Renamed to sized_sentinel. It's unfortunate that sentinel is such a common name used in the range tests so it's off the table without a bit of work for renaming sentinel_wrapper to sentinel.

jloser updated this revision to Diff 377531.Oct 6 2021, 6:58 AM
jloser marked 3 inline comments as done.

s/_LIBCPP_INLINE_VISIBILITY/_LIBCPP_HIDE_FROM_ABI

If BuildKit is happy with this, I'll land it.

Quuxplusone accepted this revision.Oct 6 2021, 7:04 AM
Quuxplusone added inline comments.
libcxx/test/std/strings/string.view/string.view.cons/deduct.pass.cpp
26

your proposed test won't work with __wrap_iter

You could do

std::basic_string<CharT> str = MAKE_STRING(CharT, "test");
auto sv = std::basic_string_view(std::as_const(str).begin(), str.end());

(or even use .cbegin(); I'm not a fan of .cbegin() but I admit it'd be shorter than as_const(...).begin() in this case).
However, right now you're already testing the deduction guide in from_iterator_sentinel.pass.cpp, so maybe just copy-paste that test over into this file.

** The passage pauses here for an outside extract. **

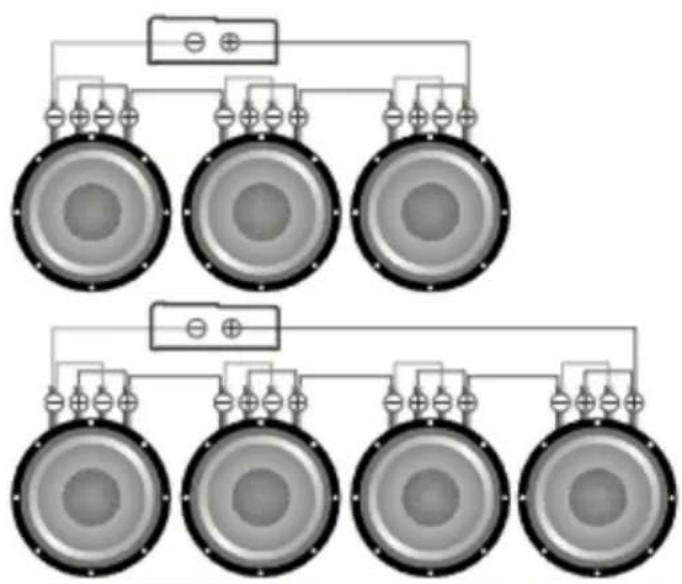 Deaf Bonce Machete MFA-4.80 - Subwoofers in series, coils in parallel - 2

jloser updated this revision to Diff 377535.Oct 6 2021, 7:16 AM

Add mixed-const iterator test in deduct.pass.cpp.
Test a sentinel while we're at it in deduct.pass.cpp
Don't rely on deduction guide in from_iterator_sentinel.pass.cpp

jloser marked 2 inline comments as done.Oct 6 2021, 7:18 AM
jloser added inline comments.
libcxx/test/std/strings/string.view/string.view.cons/deduct.pass.cpp
26

Added tests for mixed const iterators in the deduct.pass.cpp by just copying the test function template from from_iterator_sentinel_pass.cpp.

Also changed from_iterator_sentinel.pass.cpp to not rely on the deduction guide. Otherwise, deduct.pass is completely superfluous with the old from_iterator_sentinel.pass.cpp that used the deduction guide.

Quuxplusone accepted this revision.Oct 6 2021, 9:04 AM

@jloser if buildkite is happy, ship it!
FYI when/if you start working on [p1989] string_view's range ctor, note that https://cplusplus.github.io/LWG/issue3581 is relevant. (span's range ctor is already appropriately constrained, so D110503 is still good.)

This revision was automatically updated to reflect the committed changes.